Task instructions: Take the lines below from the one with "Pink Princess (Framed" through the one with "AC ADAPTER Model" and print only them, exactly. Don't print the pictures.

Input data:
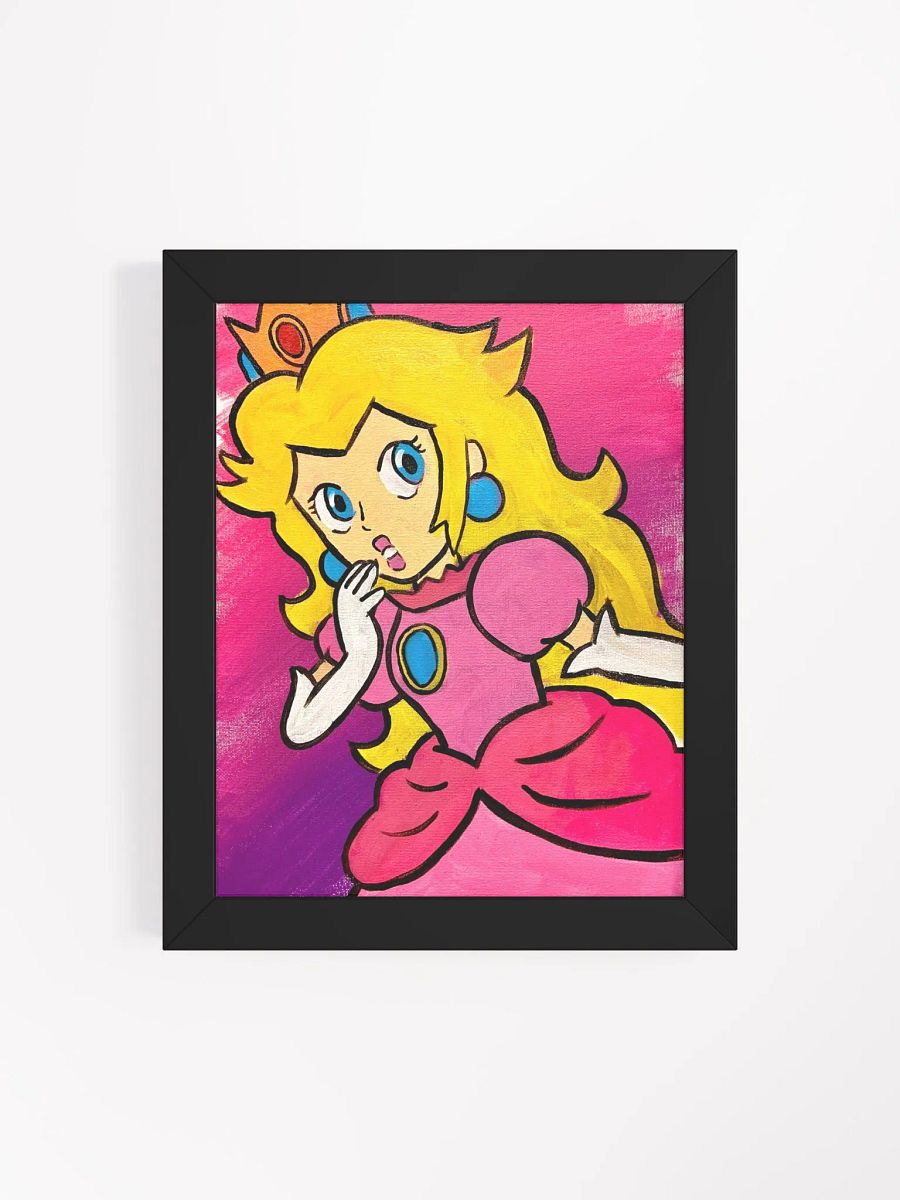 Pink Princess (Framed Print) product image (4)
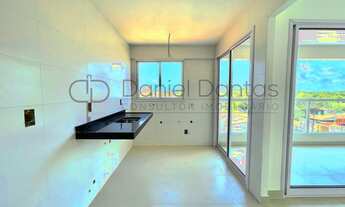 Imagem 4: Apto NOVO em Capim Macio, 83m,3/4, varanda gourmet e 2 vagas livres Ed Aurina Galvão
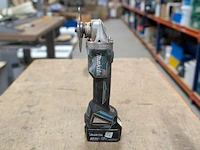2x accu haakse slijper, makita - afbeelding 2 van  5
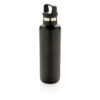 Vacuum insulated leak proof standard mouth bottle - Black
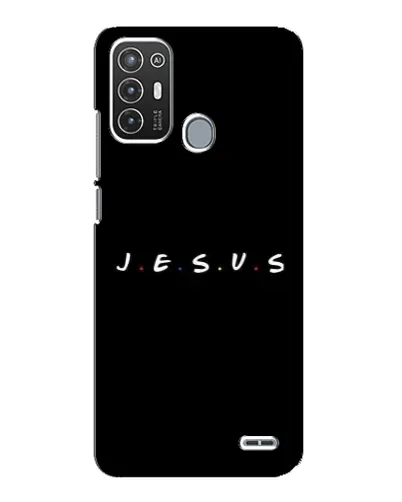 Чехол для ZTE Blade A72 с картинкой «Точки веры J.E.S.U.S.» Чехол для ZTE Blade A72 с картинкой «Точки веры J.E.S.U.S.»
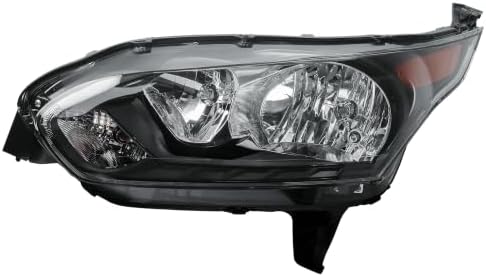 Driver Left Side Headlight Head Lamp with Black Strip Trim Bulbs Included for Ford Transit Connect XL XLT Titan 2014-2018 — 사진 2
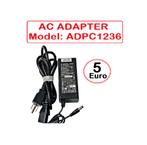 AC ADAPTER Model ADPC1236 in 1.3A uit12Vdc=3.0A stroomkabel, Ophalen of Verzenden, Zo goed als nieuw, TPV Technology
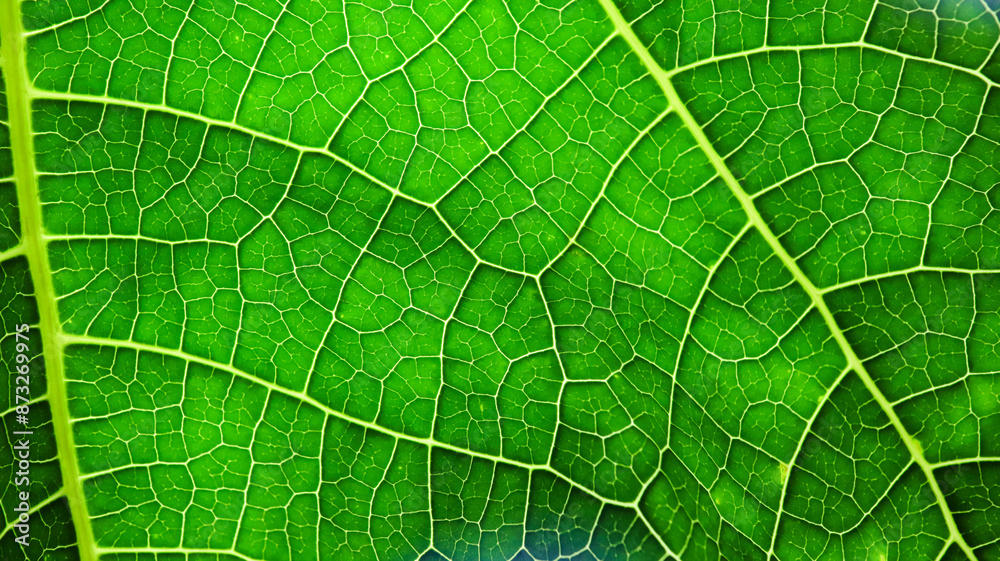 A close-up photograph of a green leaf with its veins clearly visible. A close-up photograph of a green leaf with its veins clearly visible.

...

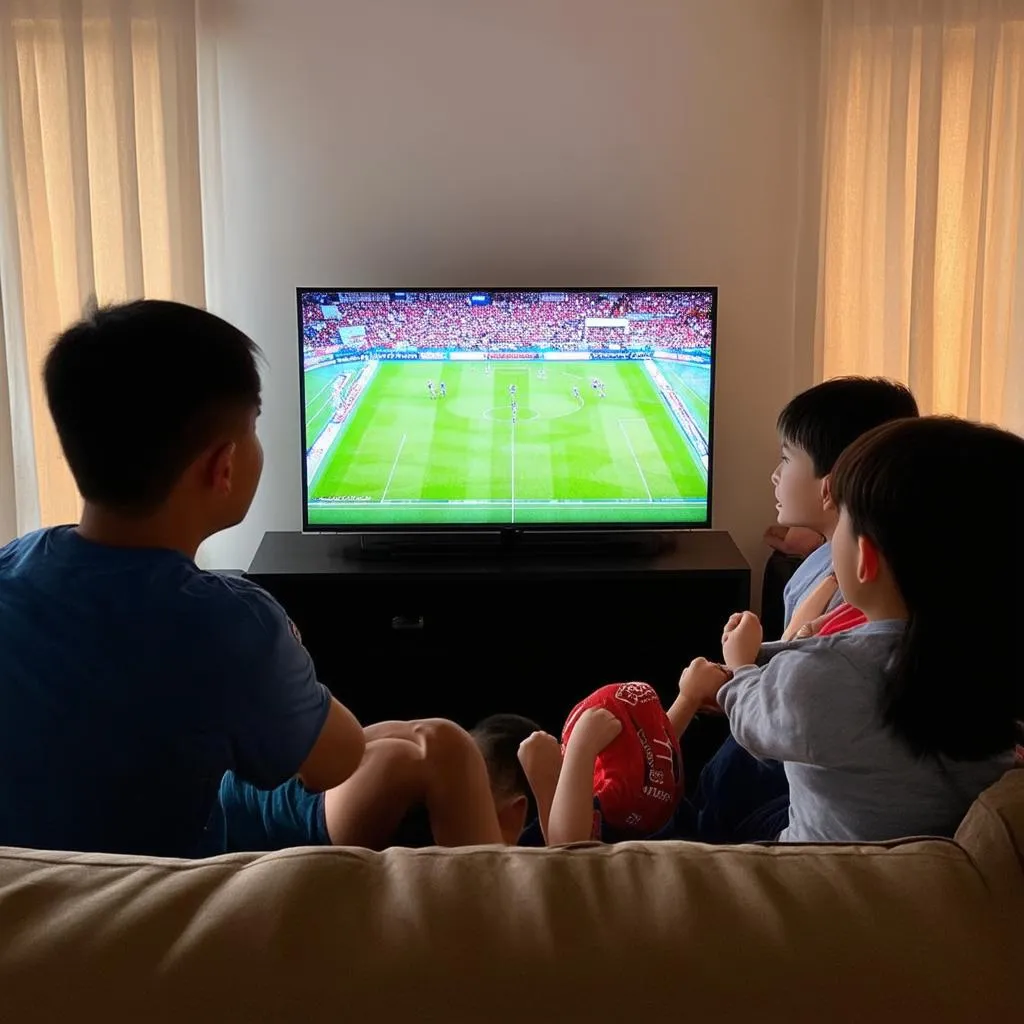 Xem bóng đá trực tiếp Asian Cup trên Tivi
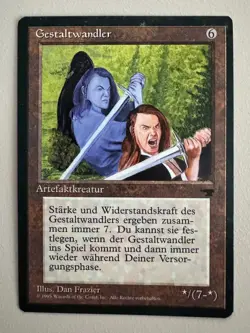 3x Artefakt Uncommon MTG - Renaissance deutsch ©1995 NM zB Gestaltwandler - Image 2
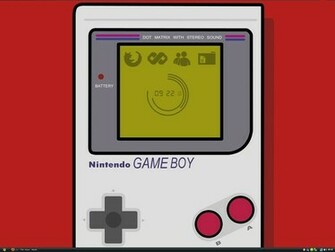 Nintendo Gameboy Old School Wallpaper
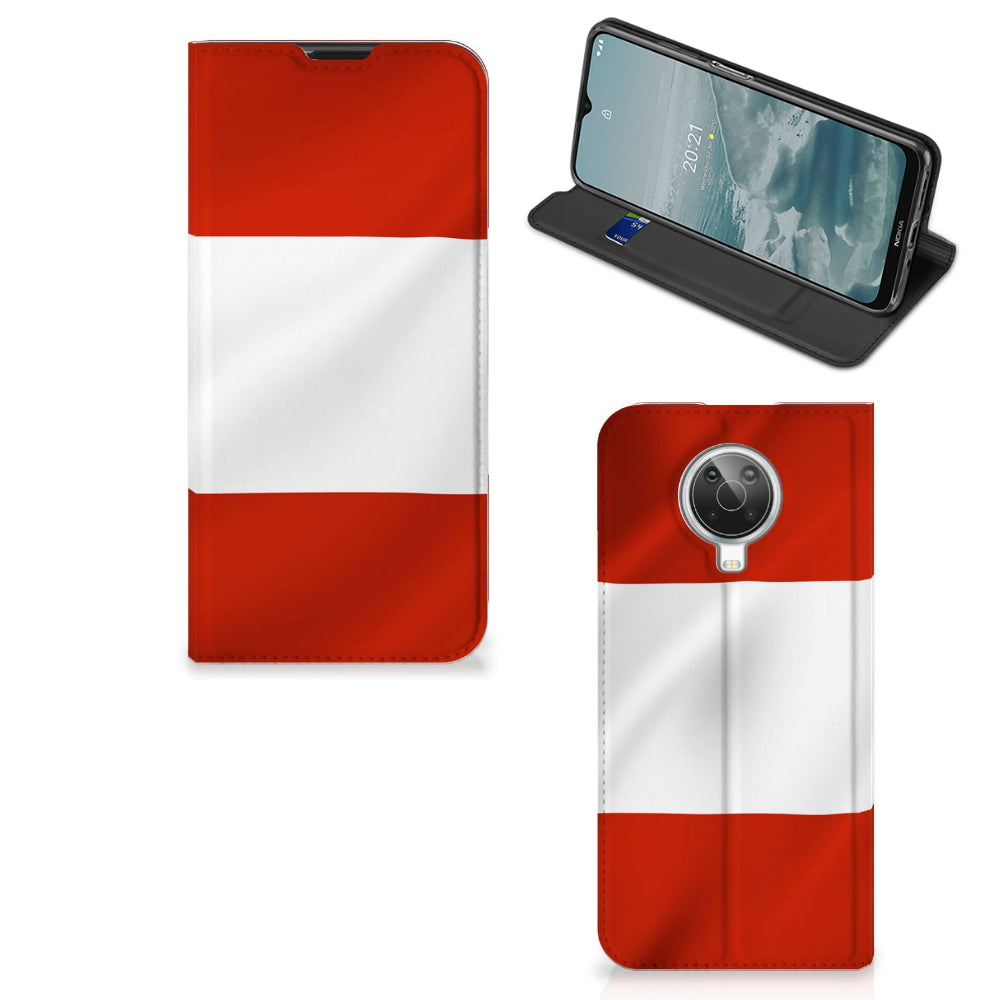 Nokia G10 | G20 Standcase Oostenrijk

==

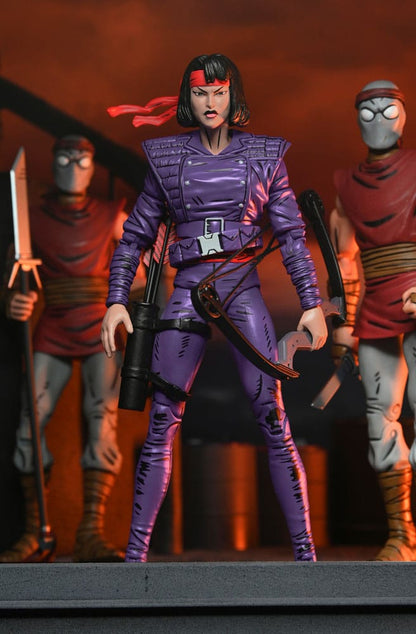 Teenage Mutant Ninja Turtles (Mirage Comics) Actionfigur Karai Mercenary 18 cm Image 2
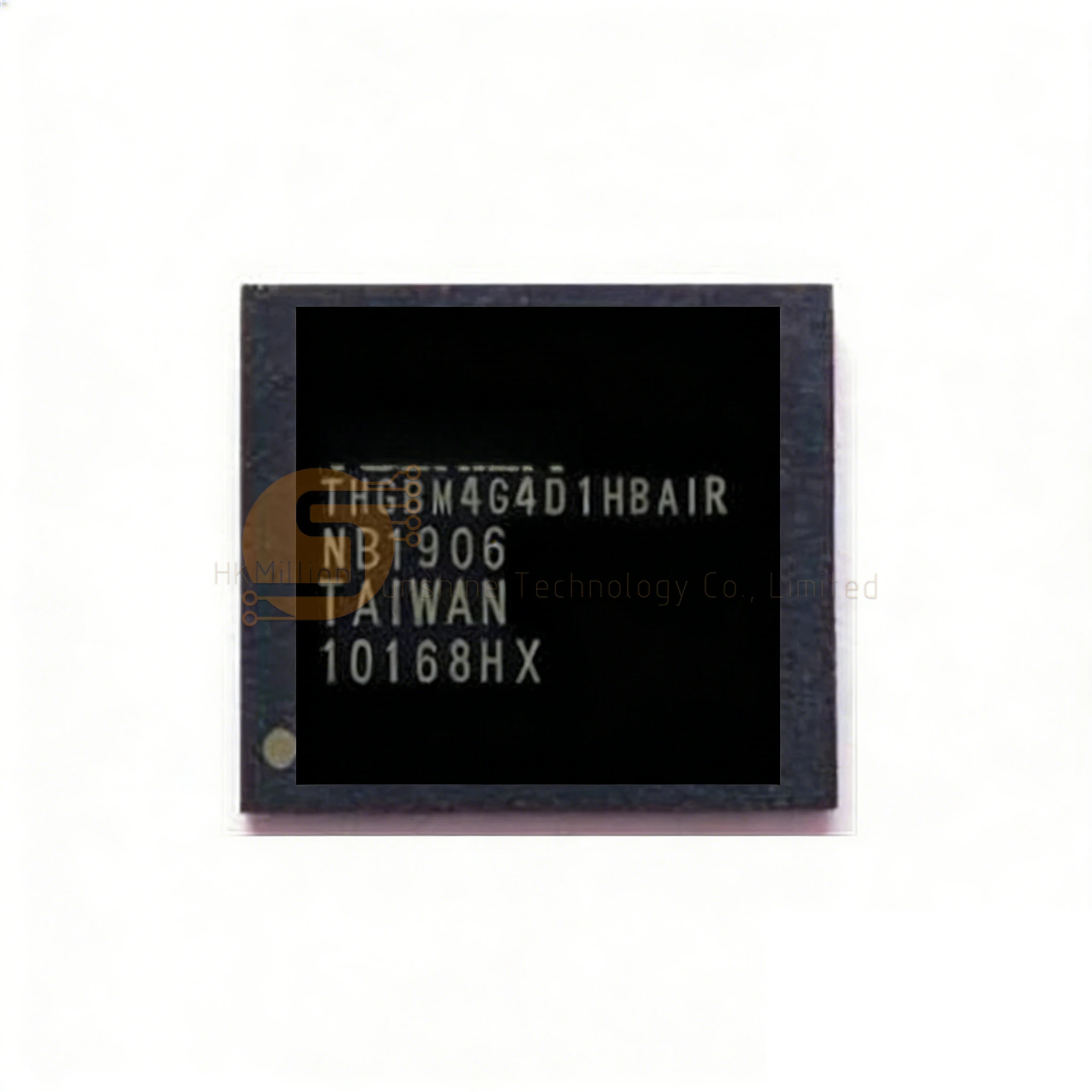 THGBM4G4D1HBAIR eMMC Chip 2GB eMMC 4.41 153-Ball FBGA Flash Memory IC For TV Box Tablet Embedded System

Solution:
 Pink Princess (Framed Print) product image (4)
 Imagem 4: Apto NOVO em Capim Macio, 83m,3/4, varanda gourmet e 2 vagas livres Ed Aurina Galvão
2x accu haakse slijper, makita - afbeelding 2 van  5
 Vacuum insulated leak proof standard mouth bottle - Black
 Чехол для ZTE Blade A72 с картинкой «Точки веры J.E.S.U.S.» Чехол для ZTE Blade A72 с картинкой «Точки веры J.E.S.U.S.»
 Driver Left Side Headlight Head Lamp with Black Strip Trim Bulbs Included for Ford Transit Connect XL XLT Titan 2014-2018 — 사진 2
 AC ADAPTER Model ADPC1236 in 1.3A uit12Vdc=3.0A stroomkabel, Ophalen of Verzenden, Zo goed als nieuw, TPV Technology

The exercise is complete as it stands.